TEMPO.CO, Jakarta - - Mahkamah Agung melipatgandakan hukuman bekas Ketua Umum Partai Demokrat Anas Urbaningrum menjadi 14 tahun penjara dan denda Rp 5 miliar subsidair 1 tahun 4 bulan penjara. Selain itu, mantan anggota Komisi Pemilihan Umum ini diwajibkan membayar uang pengganti sebesar Rp 57 miliar. Jika tak dibayar dalam waktu sebulan, maka seluruh kekayaannya bakal dilelang. "Jika kekayaan yang dilelang belum cukup, ia terancam penjara selama 4 tahun," kata Hakim Agung Krisna Harahap melalui pesan elektronik, Senin, 8 Juni 2015. (baca: Hukuman Diperberat MA Jadi 14 Tahun, Anas Urbaningrum Ajukan PK)
Tambahan Hukuman Anas masih ada lagi. Mahkamah mencabut hak politik Anas, sehingga Anas kehilangan hak untuk dipilih di jabatan publik. Putusan ini diketuk Majelis hakim yang dipimpin Artidjo Alkostar, MS Lumme, dan Krisna. "Terkait pencabutan hak politik, majelis kasasi menilai publik harus dilindungi dari kemungkinan sarah pilih seseorang yang nyata-nyatanya telah mengkhianati amanah yang pernah diberikan publik padanya," kata Krisna.

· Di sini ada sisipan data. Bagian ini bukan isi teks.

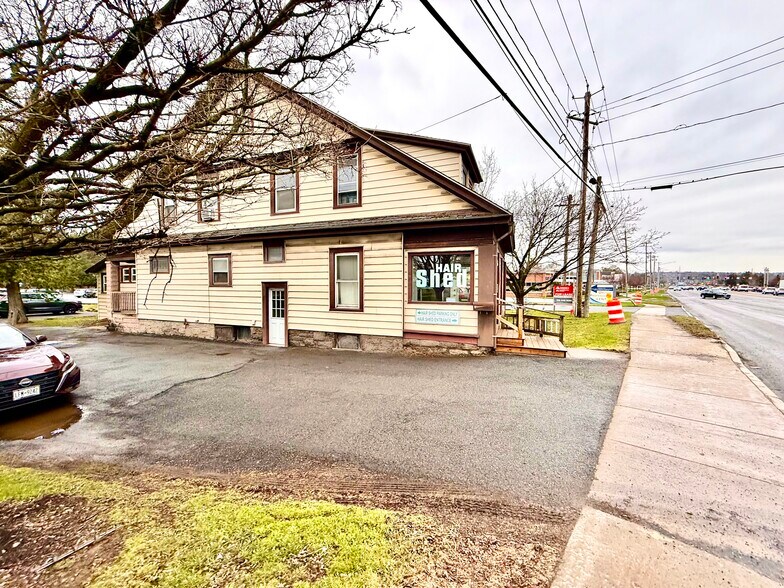 6840 E Genesee St, Fayetteville, NY à vendre - Photo de l’immeuble – Image 3 sur 13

Menurut Krisna, majelis kasasi yakin Anas terbukti melanggar Pasal 12 huruf a Undang-Undang Pemberantasan Korupsi Juncto Pasal 64 KUHP, Pasal 3 UU Pemberantasan Pencucian Uang, serta Pasal 3 ayat (1) huruf c UU Pencucian Uang. Pasal-pasal itu mengatur perbuatan korupsi dalam proyek pembangunan pusat olahraga Hambalang, serta melakukan pencucian uang. Padahal di tingkat banding, Pengadilan Tinggi DKI Jakarta telah meringankan vonis Anas dari 8 tahun penjara menjadi 7 tahun penjara.
Majelis kasasi menolak keberatan Anas yang menyatakan pembuktian pencucian uang harus didahului pembuktian pidana asal alias 'predicate crime'. Menurut Krisna, Pasal 69 UU Pencegahan dan Pemberantasan Pencucian Uang mengatur pembuktian pencucian uang tak harus menunggu pembuktian 'predicate crime'.
Pengacara Anas, Handika Honggo Wongso, menyebut putusan kasasi terhadap kliennya sebagai vonis yang gila. "Sungguh berat sekali. Majelis kasasi lebih mengedepankan semangat menghukum ketimbang semangat mencari keadilan," katanya melalui pesan pendek, Senin, 8 Juni 2015.
Handika menyatakan akan mengajukan upaya Peninjauan Kembali. "Sidang kasasi itu memeriksa soal penerapan hukum. Jika sampai majelis kembali mempertimbangkan fakta untuk dasar hukum, ya jelas keliru. Tentu itu harus dilawan secara total," ujarnya.